Both countries feature in Category 5 of the index, which is the worst with regard to lack of the rule of law.
“Most independent trade unions in Algeria and Egypt remained unable to operate because authorities continued to refuse to recognize them, while the governments persecuted some prominent union leaders,” the confederation said.
“At least 27 independent trade unions in Egypt were still seeking to register following their arbitrary dissolution in March 2018,” the report says about Egypt.
“In Algeria, the authorities administratively and without any reason closed the premises of the General Confederation of Algerian Workers (CGTA) on December 3, 2019,” the report says about the situation in Algeria.
“In addition, on October 24, 2019, Kaddour Chouicha, a member of the CGTA leadership, was briefly detained in Oran for his participation in a peaceful rally to demand the release of political dissidents.”
“On December 9, 2019, he was again arrested on false charges as he went to the police station to retrieve his cell phone, which had been confiscated.
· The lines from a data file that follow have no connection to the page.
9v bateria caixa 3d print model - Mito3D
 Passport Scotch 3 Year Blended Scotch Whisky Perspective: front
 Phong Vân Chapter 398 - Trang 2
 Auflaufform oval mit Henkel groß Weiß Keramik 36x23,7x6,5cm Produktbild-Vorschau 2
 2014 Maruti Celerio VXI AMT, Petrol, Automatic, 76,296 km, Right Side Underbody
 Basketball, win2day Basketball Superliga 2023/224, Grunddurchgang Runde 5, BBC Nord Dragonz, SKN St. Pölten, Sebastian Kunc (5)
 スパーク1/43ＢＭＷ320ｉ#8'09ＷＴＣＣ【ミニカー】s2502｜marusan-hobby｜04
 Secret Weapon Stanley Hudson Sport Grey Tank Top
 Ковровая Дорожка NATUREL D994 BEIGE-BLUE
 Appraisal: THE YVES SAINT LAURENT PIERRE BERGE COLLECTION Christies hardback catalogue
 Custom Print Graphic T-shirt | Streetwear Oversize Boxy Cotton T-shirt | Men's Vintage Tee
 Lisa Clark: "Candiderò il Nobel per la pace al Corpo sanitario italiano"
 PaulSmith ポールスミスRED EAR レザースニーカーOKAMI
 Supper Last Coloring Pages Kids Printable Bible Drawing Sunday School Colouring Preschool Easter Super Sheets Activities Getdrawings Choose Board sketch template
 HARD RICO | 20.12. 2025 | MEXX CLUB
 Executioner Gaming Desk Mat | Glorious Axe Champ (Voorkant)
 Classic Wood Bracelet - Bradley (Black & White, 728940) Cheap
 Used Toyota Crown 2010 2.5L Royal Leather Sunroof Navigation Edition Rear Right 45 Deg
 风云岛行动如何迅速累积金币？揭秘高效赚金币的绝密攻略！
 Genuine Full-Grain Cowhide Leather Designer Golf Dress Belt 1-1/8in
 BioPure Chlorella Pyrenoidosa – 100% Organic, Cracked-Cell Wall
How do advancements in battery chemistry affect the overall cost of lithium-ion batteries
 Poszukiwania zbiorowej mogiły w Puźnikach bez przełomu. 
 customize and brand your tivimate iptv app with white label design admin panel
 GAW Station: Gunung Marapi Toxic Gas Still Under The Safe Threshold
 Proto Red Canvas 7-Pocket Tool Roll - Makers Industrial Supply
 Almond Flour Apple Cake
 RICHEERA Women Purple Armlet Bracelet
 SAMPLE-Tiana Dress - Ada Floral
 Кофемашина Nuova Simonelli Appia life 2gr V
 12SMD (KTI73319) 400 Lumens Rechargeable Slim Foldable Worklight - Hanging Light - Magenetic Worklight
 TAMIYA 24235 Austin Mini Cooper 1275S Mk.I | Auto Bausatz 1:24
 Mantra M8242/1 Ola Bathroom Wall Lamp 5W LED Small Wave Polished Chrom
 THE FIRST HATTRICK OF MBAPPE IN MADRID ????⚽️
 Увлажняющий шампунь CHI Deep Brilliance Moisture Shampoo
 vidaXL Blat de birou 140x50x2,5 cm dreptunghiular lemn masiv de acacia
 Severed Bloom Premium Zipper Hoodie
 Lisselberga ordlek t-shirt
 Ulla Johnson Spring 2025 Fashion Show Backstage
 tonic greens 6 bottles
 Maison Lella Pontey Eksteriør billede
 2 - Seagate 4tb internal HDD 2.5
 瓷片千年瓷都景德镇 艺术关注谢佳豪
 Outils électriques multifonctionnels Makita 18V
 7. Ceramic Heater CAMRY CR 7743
The next day, following a summary trial, he was sentenced to one year in prison,” the report notes.
While both countries appear in Category 5, the Middle East and North African region is rated as the worst region in the world for workers. The region scores 4.44 over 5, being the highest violation.
The Category 5+ list of worst countries for workers’ rights includes besides Algeria and Egypt scores of other countries including Burundi, Libya, Palestine, Somalia, South Sudan, Central African Republic (CAR), Syria, Sudan, Yemen as well as Turkey, Brazil, China, Colombia, India and Iran.